Thursday, March 1, 2018
The consumer group Public Watchdogs is opposing a settlement agreement that charges ratepayers about $2 billion for the shutdown of San Onofre. The nuclear power plant closed in 2013 after faulty, newly-installed steam generators began to leak in 2012.
Charles Langley of Public Watchdogs said the California Public Utilities Commission should not approve the settlement because it allows the utility to unlawfully charge ratepayers for useless equipment.
The $2 billion has already been paid by electricity consumers in their bills.
San Diego attorney Mike Aguirre was the lead attorney on a lawsuit that resulted in the settlement.
When the settlement was reached in January, Aguirre said that he had fought for five years and ultimately decided this was the best deal he could get for consumers.
“Not paying any more money is not the same thing as getting back all the money you paid,” Aguirre said. “There’s no mincing words on that. But we had to make a judgement call.”
Aguirre received $5 million as part of the settlement.
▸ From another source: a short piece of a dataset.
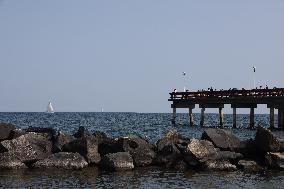 Centre Island Beach In Toronto, Canada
Langley said the latest settlement was secretly negotiated behind closed doors — as was the 2014 settlement – “to prevent evidence of potential criminal activity and life-threatening malfeasance from being disclosed openly in public hearings.”
Evidence emerged that the 2014 settlement was based on a secret meeting between CPUC then-President Michael Peevey and Edison executive, Stephen Pickett, who met in a hotel in Warsaw, Poland and noted the details of the deal on the Hotel Bristol stationary.
“The attorneys, in this case, have stabbed the public in the back in exchange for a $5.4 million payday,” Langley said, “and the other participants are also lining up at the trough for easy money at the public’s expense.”
Other consumer groups, including TURN, UCAN and the Alliance for Nuclear Responsibility, have signed on to the proposed settlement, saying it is an improvement on the original agreement, which would have charged ratepayers more than $3 billion for the cost of the shutdown.